WORK INSTRUCTIONS: The records below hold a stretch from the line with "Lace & Beads" through the line with "Collar de Perlas"; return exactly those lines, ends included, and nothing more.

[Data records]

○ ○ ○ ○

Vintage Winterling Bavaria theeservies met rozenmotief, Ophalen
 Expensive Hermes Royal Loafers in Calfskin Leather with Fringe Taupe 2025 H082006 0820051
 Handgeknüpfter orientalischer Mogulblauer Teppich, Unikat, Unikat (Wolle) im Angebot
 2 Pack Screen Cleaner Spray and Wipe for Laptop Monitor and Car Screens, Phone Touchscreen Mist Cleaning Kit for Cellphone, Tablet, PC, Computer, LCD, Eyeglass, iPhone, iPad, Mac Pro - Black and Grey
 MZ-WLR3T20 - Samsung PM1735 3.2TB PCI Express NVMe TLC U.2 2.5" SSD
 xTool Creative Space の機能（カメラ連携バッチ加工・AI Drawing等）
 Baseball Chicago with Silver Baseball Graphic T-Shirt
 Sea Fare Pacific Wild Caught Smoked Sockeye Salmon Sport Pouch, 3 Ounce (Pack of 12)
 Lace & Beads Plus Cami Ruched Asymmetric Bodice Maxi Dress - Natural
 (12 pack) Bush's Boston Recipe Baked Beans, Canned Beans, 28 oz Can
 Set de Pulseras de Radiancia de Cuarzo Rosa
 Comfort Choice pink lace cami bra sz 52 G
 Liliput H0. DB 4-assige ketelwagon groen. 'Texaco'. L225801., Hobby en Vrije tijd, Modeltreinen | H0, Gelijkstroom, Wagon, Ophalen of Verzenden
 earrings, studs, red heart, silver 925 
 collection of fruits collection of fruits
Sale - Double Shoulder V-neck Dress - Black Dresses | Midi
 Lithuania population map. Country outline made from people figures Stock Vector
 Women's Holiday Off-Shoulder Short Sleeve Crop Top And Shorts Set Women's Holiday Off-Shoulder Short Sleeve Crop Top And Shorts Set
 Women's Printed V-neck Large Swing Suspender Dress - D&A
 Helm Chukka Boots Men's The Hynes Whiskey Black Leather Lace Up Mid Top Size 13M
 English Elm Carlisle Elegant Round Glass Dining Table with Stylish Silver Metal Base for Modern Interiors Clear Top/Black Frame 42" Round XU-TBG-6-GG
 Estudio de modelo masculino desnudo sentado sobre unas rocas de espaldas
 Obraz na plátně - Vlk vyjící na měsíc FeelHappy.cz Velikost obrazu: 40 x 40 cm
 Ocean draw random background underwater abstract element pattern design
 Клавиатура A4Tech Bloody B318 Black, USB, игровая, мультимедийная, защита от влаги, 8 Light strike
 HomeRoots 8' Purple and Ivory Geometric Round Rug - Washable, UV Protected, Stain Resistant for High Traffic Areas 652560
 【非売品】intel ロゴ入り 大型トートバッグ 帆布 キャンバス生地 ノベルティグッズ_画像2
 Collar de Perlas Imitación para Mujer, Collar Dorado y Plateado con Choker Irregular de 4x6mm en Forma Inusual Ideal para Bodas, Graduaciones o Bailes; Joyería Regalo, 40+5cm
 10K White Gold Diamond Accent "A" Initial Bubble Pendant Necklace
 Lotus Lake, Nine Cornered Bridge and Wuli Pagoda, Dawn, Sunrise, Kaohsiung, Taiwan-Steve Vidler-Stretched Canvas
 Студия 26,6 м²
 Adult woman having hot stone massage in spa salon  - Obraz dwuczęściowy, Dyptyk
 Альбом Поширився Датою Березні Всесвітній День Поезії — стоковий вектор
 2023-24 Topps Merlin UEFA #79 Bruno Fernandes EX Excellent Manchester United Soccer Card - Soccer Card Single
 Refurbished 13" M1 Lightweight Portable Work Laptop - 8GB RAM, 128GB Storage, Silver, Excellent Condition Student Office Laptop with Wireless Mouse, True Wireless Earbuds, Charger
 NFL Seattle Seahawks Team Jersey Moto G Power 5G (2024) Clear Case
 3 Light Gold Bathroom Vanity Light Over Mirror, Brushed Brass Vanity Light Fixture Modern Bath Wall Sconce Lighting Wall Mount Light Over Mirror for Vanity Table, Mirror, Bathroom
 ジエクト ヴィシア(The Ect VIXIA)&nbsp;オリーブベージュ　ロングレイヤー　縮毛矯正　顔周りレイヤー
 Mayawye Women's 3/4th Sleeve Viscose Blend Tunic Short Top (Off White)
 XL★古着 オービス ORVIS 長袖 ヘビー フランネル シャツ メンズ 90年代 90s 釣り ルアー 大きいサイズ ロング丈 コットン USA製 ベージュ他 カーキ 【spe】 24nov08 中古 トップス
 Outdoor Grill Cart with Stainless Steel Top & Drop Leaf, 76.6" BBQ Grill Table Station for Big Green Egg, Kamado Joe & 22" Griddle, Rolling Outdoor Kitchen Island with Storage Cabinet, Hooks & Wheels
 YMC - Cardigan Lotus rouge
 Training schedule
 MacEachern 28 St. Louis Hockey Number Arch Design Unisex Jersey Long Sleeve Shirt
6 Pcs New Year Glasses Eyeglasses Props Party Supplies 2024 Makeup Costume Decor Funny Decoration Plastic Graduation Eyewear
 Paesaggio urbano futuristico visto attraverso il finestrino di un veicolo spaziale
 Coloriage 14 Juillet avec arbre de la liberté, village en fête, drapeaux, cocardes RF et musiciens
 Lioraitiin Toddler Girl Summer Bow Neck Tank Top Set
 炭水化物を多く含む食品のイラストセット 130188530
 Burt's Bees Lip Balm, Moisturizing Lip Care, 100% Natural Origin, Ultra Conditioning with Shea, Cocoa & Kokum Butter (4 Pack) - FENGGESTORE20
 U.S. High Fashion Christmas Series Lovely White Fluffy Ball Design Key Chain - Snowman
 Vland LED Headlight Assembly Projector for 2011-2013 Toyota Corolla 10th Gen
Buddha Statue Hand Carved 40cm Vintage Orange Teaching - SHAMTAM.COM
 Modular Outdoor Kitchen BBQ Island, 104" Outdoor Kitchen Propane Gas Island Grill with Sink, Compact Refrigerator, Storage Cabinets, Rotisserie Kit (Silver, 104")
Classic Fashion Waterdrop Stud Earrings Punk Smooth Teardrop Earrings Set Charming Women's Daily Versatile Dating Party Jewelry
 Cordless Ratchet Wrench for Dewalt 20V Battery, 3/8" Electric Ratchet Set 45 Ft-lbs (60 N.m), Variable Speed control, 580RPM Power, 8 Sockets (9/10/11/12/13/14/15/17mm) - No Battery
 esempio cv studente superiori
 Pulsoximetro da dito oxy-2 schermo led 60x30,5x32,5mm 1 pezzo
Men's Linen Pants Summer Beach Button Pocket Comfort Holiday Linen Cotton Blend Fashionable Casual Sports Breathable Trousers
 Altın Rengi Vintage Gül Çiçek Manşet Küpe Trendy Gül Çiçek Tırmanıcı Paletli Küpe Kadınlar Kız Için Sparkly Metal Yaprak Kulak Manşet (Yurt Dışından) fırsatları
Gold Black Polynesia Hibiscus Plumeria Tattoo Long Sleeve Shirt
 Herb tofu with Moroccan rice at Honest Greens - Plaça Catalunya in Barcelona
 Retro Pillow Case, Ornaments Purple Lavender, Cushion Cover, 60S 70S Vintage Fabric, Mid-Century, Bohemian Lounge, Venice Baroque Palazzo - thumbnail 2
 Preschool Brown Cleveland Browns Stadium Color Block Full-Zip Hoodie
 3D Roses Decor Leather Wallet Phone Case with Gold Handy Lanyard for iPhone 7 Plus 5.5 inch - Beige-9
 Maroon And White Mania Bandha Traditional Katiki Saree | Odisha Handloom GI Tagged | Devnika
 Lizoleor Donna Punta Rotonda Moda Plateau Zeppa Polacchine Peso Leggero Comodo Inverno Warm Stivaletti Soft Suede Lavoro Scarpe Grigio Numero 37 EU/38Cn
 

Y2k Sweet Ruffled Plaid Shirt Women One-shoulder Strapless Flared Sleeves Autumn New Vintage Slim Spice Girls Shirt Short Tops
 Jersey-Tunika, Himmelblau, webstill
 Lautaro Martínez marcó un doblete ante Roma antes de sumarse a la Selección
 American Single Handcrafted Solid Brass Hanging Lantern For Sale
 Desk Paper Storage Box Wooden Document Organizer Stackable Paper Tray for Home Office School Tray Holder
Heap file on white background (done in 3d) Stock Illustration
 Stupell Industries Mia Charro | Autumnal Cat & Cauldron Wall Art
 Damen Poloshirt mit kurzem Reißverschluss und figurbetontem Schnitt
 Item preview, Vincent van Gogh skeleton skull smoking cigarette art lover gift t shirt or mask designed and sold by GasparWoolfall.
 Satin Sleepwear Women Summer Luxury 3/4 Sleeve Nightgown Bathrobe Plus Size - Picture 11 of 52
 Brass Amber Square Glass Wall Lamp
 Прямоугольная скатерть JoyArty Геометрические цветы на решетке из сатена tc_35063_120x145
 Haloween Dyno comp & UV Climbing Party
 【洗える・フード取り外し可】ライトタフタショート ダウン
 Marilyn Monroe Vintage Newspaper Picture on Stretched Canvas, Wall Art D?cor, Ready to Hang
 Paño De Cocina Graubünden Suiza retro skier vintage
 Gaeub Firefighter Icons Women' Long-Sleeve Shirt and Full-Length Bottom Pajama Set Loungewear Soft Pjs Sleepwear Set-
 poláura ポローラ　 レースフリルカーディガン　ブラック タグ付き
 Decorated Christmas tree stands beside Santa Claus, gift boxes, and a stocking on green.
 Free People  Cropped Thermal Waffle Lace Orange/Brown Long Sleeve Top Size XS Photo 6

○ ○ ○ ○

EXERCISE ANSWER:
 Lace & Beads Plus Cami Ruched Asymmetric Bodice Maxi Dress - Natural
 (12 pack) Bush's Boston Recipe Baked Beans, Canned Beans, 28 oz Can
 Set de Pulseras de Radiancia de Cuarzo Rosa
 Comfort Choice pink lace cami bra sz 52 G
 Liliput H0. DB 4-assige ketelwagon groen. 'Texaco'. L225801., Hobby en Vrije tijd, Modeltreinen | H0, Gelijkstroom, Wagon, Ophalen of Verzenden
 earrings, studs, red heart, silver 925 
 collection of fruits collection of fruits
Sale - Double Shoulder V-neck Dress - Black Dresses | Midi
 Lithuania population map. Country outline made from people figures Stock Vector
 Women's Holiday Off-Shoulder Short Sleeve Crop Top And Shorts Set Women's Holiday Off-Shoulder Short Sleeve Crop Top And Shorts Set
 Women's Printed V-neck Large Swing Suspender Dress - D&A
 Helm Chukka Boots Men's The Hynes Whiskey Black Leather Lace Up Mid Top Size 13M
 English Elm Carlisle Elegant Round Glass Dining Table with Stylish Silver Metal Base for Modern Interiors Clear Top/Black Frame 42" Round XU-TBG-6-GG
 Estudio de modelo masculino desnudo sentado sobre unas rocas de espaldas
 Obraz na plátně - Vlk vyjící na měsíc FeelHappy.cz Velikost obrazu: 40 x 40 cm
 Ocean draw random background underwater abstract element pattern design
 Клавиатура A4Tech Bloody B318 Black, USB, игровая, мультимедийная, защита от влаги, 8 Light strike
 HomeRoots 8' Purple and Ivory Geometric Round Rug - Washable, UV Protected, Stain Resistant for High Traffic Areas 652560
 【非売品】intel ロゴ入り 大型トートバッグ 帆布 キャンバス生地 ノベルティグッズ_画像2
 Collar de Perlas Imitación para Mujer, Collar Dorado y Plateado con Choker Irregular de 4x6mm en Forma Inusual Ideal para Bodas, Graduaciones o Bailes; Joyería Regalo, 40+5cm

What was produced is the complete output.